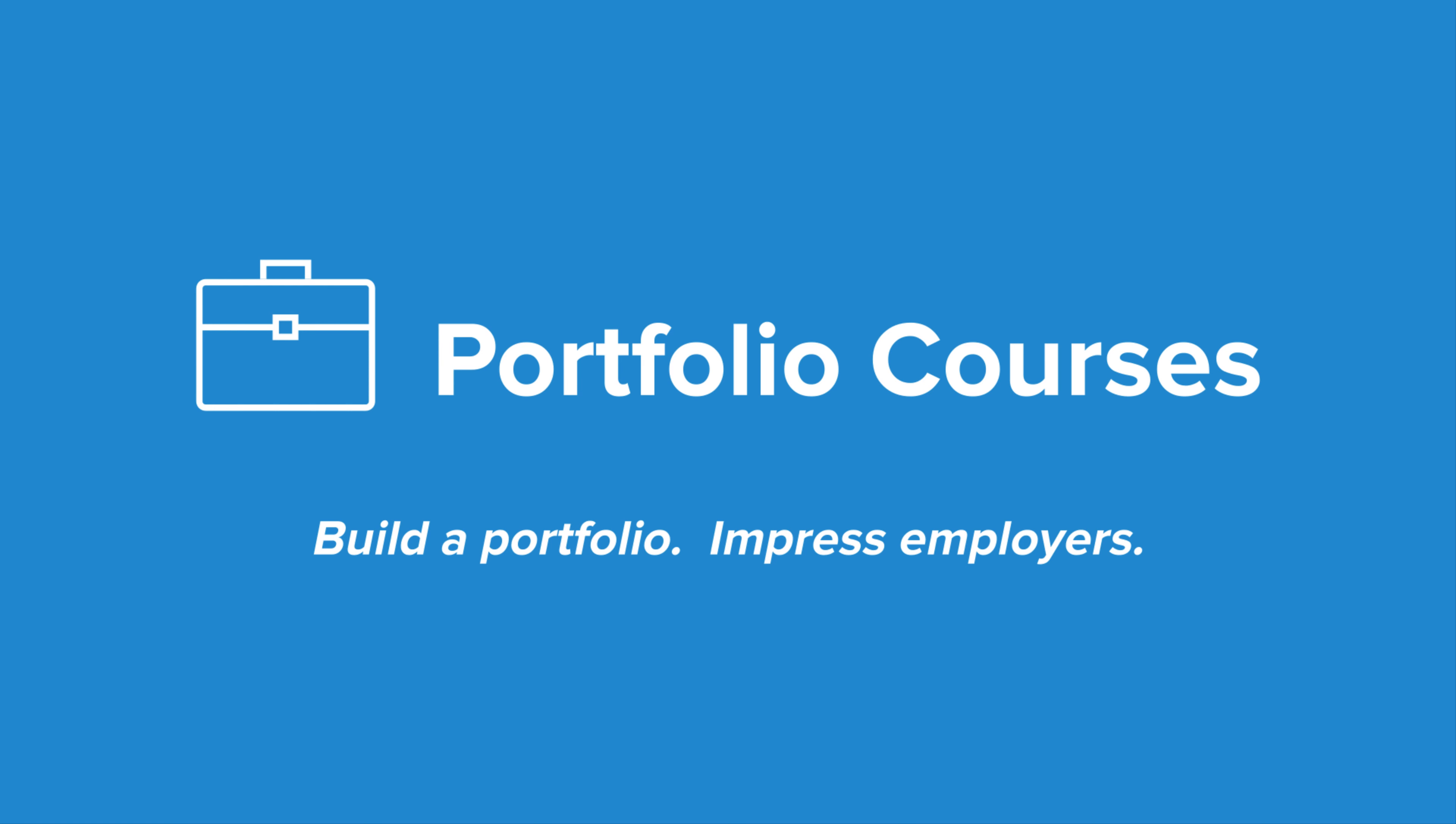Check out PortfolioCourses.com where we'll help you build a portfolio that will impress employers, including courses to help you develop C programming projects.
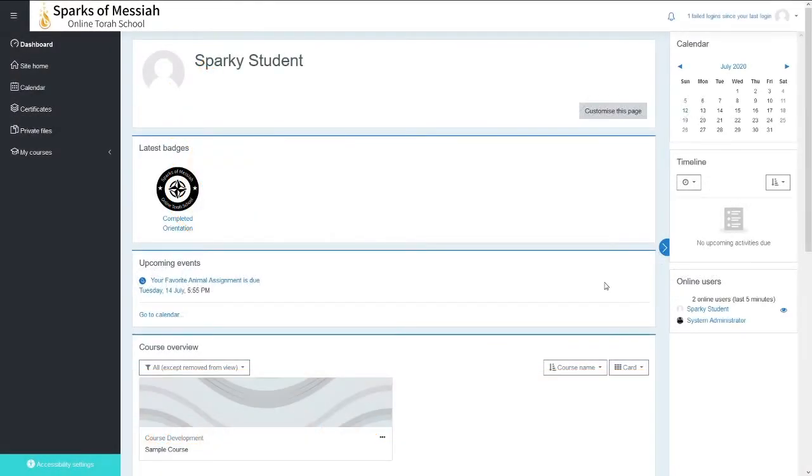In this tutorial, I'm going to give you an overview of the student dashboard. This is the page you see when you log in.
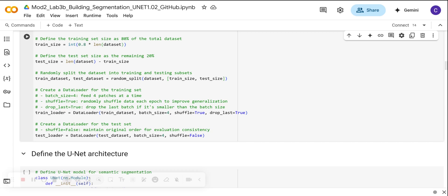In the next video, in part 2, we are going to build a U-NET architecture. We are going to train it on these patches and then we are going to monitor accuracy and loss over time. See you in the next video.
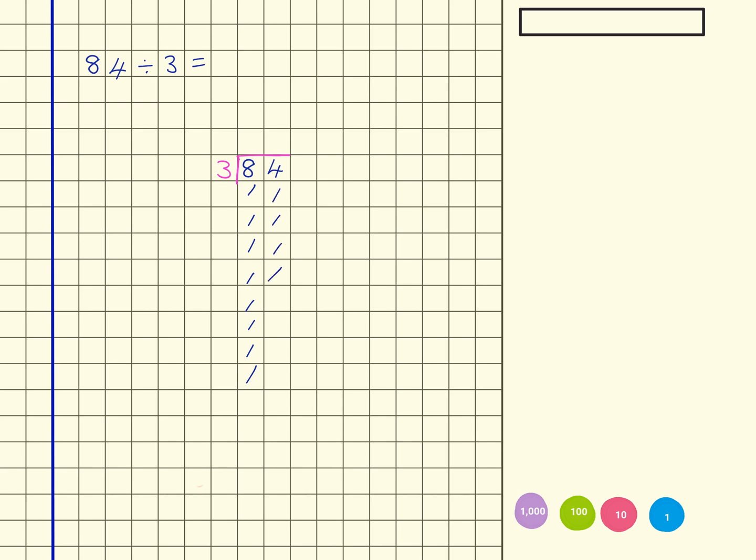I'm now looking for groups of 3. So I've got one group of 3 here and another group of 3 here. So that's 2 groups of 3. So I'm going to show that up here with my 2.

━━━━━━━━━━━━━━━━

The required answer is an exact copy of the lines from the one containing "In this tutorial, I'm" through the last line of the material, with the pictures removed.

### Task response
In this tutorial, I'm going to give you an overview of the student dashboard. This is the page you see when you log in.
In the next video, in part 2, we are going to build a U-NET architecture. We are going to train it on these patches and then we are going to monitor accuracy and loss over time. See you in the next video.
I'm now looking for groups of 3. So I've got one group of 3 here and another group of 3 here. So that's 2 groups of 3. So I'm going to show that up here with my 2.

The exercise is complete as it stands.